Saturday, January 8, 2011

A few words about the shooting of Congresswoman Gabrielle Giffords

Almost all the coverage I've read and all the people with whom I've spoken have leapt immediately from this shooting to political discussions. I certainly understand that urge, but I think we should resist it. Let's look at the key points.

1. This is a tragedy. As of this writing and using online news sites (msnbc.com and cnn.com) as my information sources, it appears that a gunman shot 18 people, including Congresswoman Giffords. He killed six of those people.

2. We don't have any data yet that would prove this was a targeted assassination. If you're out for one person, you probably don't shoot 18. Among the six dead people, a group that included a child, was a Federal judge, John Roll, whom President Bush appointed.

3. We don't have any data yet that would prove this was a politically motivated shooting. Sure, it occurred at an event of the Congresswoman, but that could have been because it was an event, something that would draw a crowd. Or not. We don't know.
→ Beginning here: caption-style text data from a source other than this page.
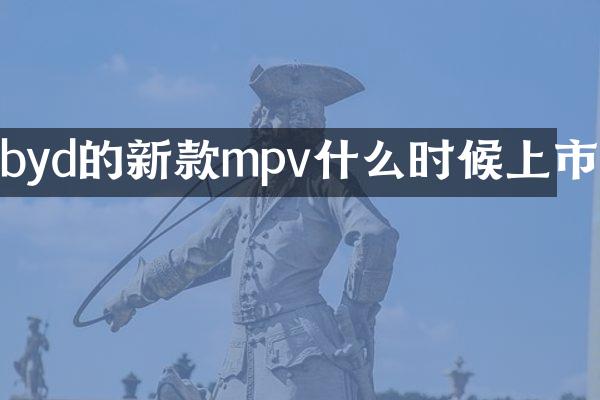 byd的新款mpv什么时候上市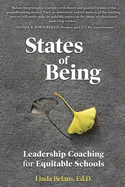 States of Being: Leadership Coaching for Equitable Schools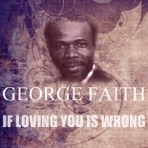 If Loving You Is Wrong - Single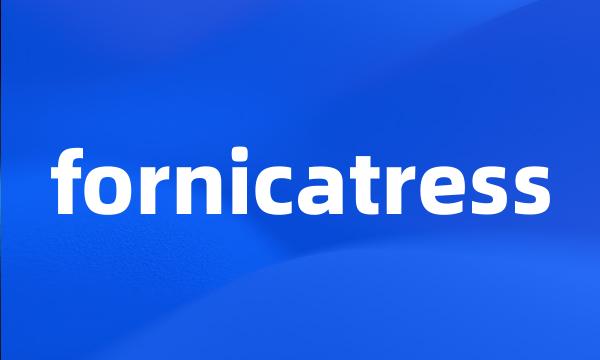 fornicatress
4. Consequently, let's not blame anyone other than the shooter or any group at this time. Let the data tell the story when it is available.

American political discourse, like so much else of what passes as discussion in our country, has devolved into people repeating their messages, not listening to one another, and fighting to see who can sound more clever or produce a more memorable one-liner or graphic. Let's not use this tragedy as one more topic for such low-end political tussles.

Friday, January 7, 2011

"War Stories" - a snippet

In 1985, I backpacked through Europe for almost two weeks after working for nine days at a trade show. When I returned home, I wrote an essay, "War Stories," that I've never sold. In email the other day, Sam Montgomery-Blinn, friend and editor of Bull SPEC, suggested that I visit the Holocaust Memorial in Boston while I'm at Arisia. His suggestion led me to recall the essay. Here's one small bit of it, exactly as I wrote it then, never before published.

We toured Dachau for several hours on an early May afternoon. The reconstruction was largely faithful to the original, although the old barracks had been destroyed. Two replicas of the barracks stood in the stead of those now gone.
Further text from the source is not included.